Ni tampoco lo abandonará esa condición "crepuscular", ya que lo cita.
Exacto.
Si miramos más allá de Péndulo, su literatura luego crece, se ramifica, pero hay una línea
conductora. Esto me parece curioso en alguien que afirma llegar tarde y casi
accidentalmente a la literatura. Tan accidental no será esa llegada, si luego
una misma sensibilidad se mantiene coherentemente a lo largo de cincuenta años.
¡Pero todo esto es inconsciente, irracional!

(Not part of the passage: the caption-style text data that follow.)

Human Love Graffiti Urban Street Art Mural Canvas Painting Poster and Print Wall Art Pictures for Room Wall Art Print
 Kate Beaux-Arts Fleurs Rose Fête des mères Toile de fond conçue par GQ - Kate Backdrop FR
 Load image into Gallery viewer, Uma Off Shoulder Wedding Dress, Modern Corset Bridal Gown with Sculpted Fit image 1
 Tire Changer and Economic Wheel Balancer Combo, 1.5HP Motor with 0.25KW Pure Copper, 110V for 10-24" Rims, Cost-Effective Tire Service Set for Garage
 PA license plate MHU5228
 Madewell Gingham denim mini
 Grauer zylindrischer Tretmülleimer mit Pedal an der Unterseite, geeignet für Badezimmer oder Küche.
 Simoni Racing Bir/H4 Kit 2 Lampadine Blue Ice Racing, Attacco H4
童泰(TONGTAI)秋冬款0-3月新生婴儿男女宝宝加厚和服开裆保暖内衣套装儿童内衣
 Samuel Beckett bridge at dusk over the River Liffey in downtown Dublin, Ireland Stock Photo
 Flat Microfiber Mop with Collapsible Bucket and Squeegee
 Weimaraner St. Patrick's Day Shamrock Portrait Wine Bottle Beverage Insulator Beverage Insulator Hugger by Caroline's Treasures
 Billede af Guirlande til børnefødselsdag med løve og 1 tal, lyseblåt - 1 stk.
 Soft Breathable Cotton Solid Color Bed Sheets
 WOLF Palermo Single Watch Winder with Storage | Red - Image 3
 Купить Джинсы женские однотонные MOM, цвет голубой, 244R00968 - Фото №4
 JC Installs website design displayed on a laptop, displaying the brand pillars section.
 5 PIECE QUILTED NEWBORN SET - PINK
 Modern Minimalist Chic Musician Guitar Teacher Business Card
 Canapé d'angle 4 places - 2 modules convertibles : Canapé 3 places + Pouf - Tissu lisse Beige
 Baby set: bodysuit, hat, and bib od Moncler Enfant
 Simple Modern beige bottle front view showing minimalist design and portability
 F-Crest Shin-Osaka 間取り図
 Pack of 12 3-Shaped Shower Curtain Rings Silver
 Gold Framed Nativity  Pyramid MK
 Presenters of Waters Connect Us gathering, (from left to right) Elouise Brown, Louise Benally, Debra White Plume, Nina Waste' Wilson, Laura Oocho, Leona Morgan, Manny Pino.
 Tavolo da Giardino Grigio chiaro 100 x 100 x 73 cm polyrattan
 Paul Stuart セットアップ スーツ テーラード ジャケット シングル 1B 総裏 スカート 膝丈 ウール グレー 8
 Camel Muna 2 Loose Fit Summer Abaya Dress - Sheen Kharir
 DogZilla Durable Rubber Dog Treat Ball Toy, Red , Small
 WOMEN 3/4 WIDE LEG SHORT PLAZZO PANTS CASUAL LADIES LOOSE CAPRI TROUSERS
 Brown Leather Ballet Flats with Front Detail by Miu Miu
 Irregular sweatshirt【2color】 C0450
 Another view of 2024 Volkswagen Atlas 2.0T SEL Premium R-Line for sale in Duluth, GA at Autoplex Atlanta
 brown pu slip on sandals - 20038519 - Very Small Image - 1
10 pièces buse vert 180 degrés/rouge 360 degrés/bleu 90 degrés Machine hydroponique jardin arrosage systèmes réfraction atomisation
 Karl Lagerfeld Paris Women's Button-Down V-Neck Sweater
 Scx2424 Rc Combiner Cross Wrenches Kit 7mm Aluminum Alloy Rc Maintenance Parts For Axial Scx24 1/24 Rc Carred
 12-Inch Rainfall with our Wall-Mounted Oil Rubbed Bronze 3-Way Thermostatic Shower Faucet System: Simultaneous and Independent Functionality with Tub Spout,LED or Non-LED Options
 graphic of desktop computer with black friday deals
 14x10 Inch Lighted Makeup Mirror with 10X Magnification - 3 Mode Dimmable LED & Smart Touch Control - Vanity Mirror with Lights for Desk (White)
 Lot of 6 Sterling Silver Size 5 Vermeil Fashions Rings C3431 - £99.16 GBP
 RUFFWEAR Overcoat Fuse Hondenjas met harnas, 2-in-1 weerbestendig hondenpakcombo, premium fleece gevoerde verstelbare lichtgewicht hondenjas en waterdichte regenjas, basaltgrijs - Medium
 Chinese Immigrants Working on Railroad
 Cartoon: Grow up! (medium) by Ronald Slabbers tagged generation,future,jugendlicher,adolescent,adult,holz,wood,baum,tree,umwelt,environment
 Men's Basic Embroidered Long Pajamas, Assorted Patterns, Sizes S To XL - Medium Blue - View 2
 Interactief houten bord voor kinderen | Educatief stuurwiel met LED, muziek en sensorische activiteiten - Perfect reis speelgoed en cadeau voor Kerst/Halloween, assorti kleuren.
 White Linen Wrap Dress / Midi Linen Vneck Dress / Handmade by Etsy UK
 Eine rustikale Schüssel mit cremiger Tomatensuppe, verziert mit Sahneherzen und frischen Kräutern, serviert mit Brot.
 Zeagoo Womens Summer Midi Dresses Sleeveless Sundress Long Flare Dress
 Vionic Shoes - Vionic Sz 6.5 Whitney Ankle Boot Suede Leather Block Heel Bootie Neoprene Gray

¡No juzgues de tan racional a alguien como yo, que no soporta a Hegel! —ríe; y cuando yo respondo con una carcajada,
don Cristóbal me señala, divertido, y aún ríe más—. Bueno, seamos más
concretos: yo escribo racionalmente, pero creo irracionalmente. Mi estilo tiene
mucho que ver con la rebeldía de los concisos, tanto en lo filosófico como en lo
literario. ¿Qué entiendo por ello? Toda la vieja filosofía de Heráclito, Lao
Tse o Confucio se nutre de la soledad, de la concisión... también Marco Aurelio
se abreva en esa fuente. Soledad y concisión están en la entraña del aforismo
poético. Ahora mismo recuerdo que, en una de sus versiones de los libros
confucianos, Ezra Pound pone en boca de Confucio lo siguiente: "los concisos no incurren en error".
Y si bien lo miras, el mismo Péndulo tiene un poco que ver con el Wozzeck de Büchner, que también se nutre
de esa concisión: ¡cuando conocí esa obra, me sorprendió mucho el parecido! E
incluso hay algo de Péndulo en los
cuentos jasídicos. ¿Ves? A medida que vamos hablando, voy advirtiendo que soy
un escritor singular dentro de la literatura española, o al menos me permito
creerlo así. Muchos críticos no han reparado en ello porque... Hombre, pues
porque algunos no tienen una mirada crítica muy aguda. Claro.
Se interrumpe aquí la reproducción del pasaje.